Reader suggestion: Using HDFS as generic iSCSI storage • The Register Forums

Thursday 14th May 2015 17:52 GMT casaloco

Want

Something every small business has needed for some time. Quality reliable shared network drives... in the cloud.

2 0 Reply

Thursday 14th May 2015 18:01 GMT Steve Loughran

HDFS: the subset of posix it implements

HDFS lacks a couple of features which people expect from a "full" posix filesystem

1. The ability to overwrite blocks within an existing file.

2. The ability to seek() past the end of a file and add data there.

That is: you can only write to the end of a file, be it new or existing.

Ignoring details like low-level OS integration (there's always the NFS gateway for that), without the ability to write to anywhere in a file, things are going to break.

There's also a side issue: HDFS hates small files. They're expensive in terms of metadata stored in the namenode, you don't get much in return. It's while filesystem quotas include the number of entries (I believe; not my code)

What then? Well, I''d be interested in seeing Greg's prototype. Being OSS, Hadoop is open to extension, and there's no fundamental reason why you couldn't implement sparse files (feature #2) and writing within existing blocks via some Log-structure writes-are-always-appends thing: it just needs someone to do it. Be aware that the HDFS project is one of the most cautious group when it comes to changes, protection against data loss comes way, way ahead of adding cutting edge features.

without that you can certainly write code to snapshot anything to HDFS; in a large cluster they won't even notice you backing up a laptop regularly.

One other thing Hadoop can do is support an object store API (Ozone is the project there), so anything which uses object store APIs can work with data stored in HDFS datanodes -bypassing the namenode (not for failure resilience but to keep the cost of billions of blob entries down.
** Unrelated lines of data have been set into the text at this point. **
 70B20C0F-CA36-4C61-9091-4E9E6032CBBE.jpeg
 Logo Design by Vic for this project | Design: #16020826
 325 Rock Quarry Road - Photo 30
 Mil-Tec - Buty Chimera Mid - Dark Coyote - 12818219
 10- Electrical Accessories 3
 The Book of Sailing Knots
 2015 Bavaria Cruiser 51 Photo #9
Anything written for compatible object storage APIs (I don't know what is proposed there) could backup to HDFS, without getting any expectations that this is a posix FS (that's untrue: I regularly have to explain to people why Amazon S3 isn't a replacement for HDFS).

To close then: if this is a proof of concept, stick the code on github and everyone can take a look.

stevel (hadoop committer)

11 0 Reply

Thursday 14th May 2015 21:23 GMT Alistair

Re: HDFS: the subset of posix it implements

Dunno *why* it waited for me to get you an upvote Steve.
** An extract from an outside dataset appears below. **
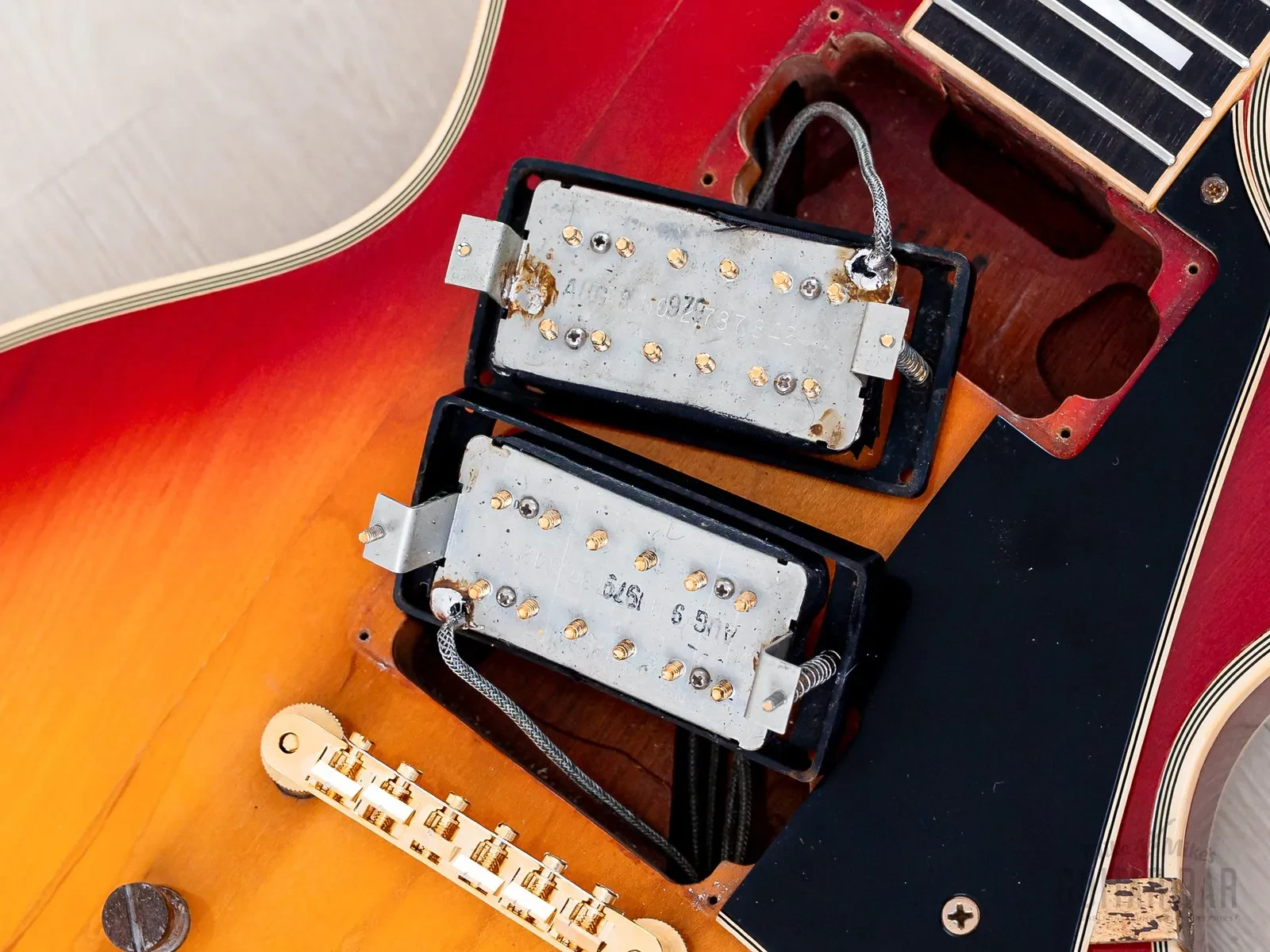 Изображение №17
I've *read* part of the code, since there is an app team in my shop that thinks HDFS is a good place for SAS temp files and report data.
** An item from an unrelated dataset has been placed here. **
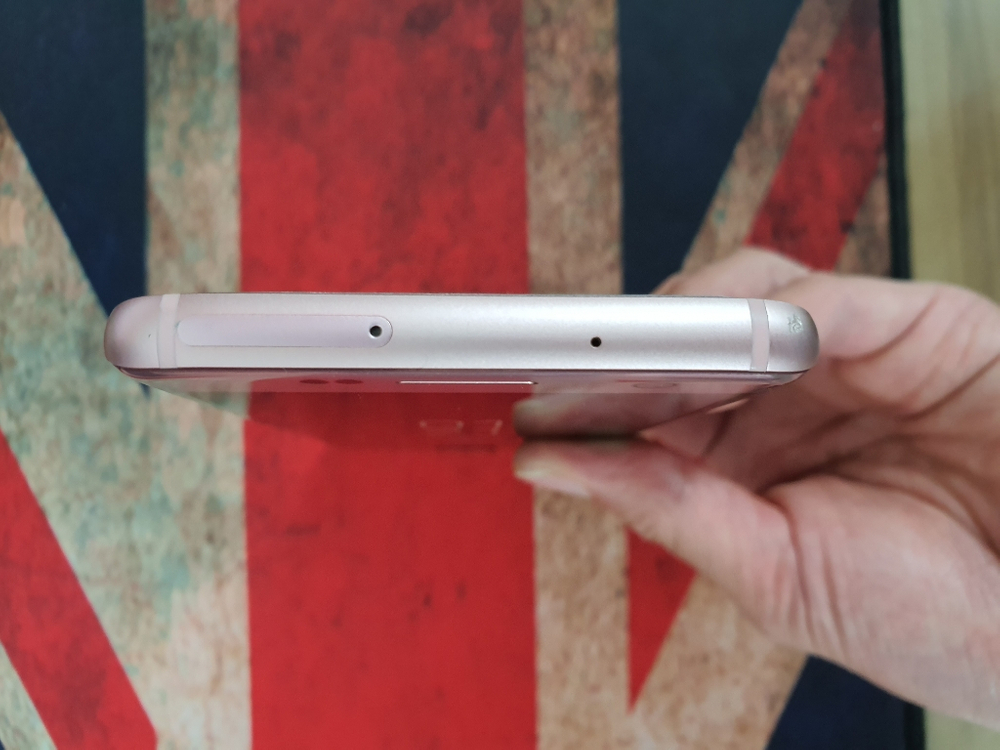 겔럭시7엣지 24기가 9만원팜--2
Update, edit are not options on HDFS in large scale - I noticed the hook for object stores, but even there it looks to me that its more worm style than anything else.

Explaining that HDFS doesn't do these things takes some time - especially with some of the moronic marketing crap out there. (I've seen stuff that should have made the sales techs blush..... and I think I may have made one or two of them actually blush.)

2 0 Reply
Friday 15th May 2015 12:54 GMT Dr. Mouse

Re: HDFS: the subset of posix it implements

Discaimer: I know nothing about HDFS. However:

The only one I can see as an issue with the idea he suggests is #1. He is suggesting iSCSI use, in which case we are talking about a disk image. Therefore small files, seeking past the end (unless you are creating sparse images) and other points you mention don't apply. We are talking about exporting a single large file over iSCSI to be used as a disk on another system, which will partition and format it with it's own filesystem.

0 0 Reply

Thursday 14th May 2015 18:11 GMT Matt Piechota

Since iSCSI is block based, we're talking about storing a ton of (say) 4k blocks in Hadoop and the iSCSI service asks for or updates block #12309854? It doesn't sound terrible. I could see some concurrency issues with multiple iSCSI services, but I'm not sure they're worse than iSCSI to traditional block storage as they'd still need a cluster-aware file system on the clients.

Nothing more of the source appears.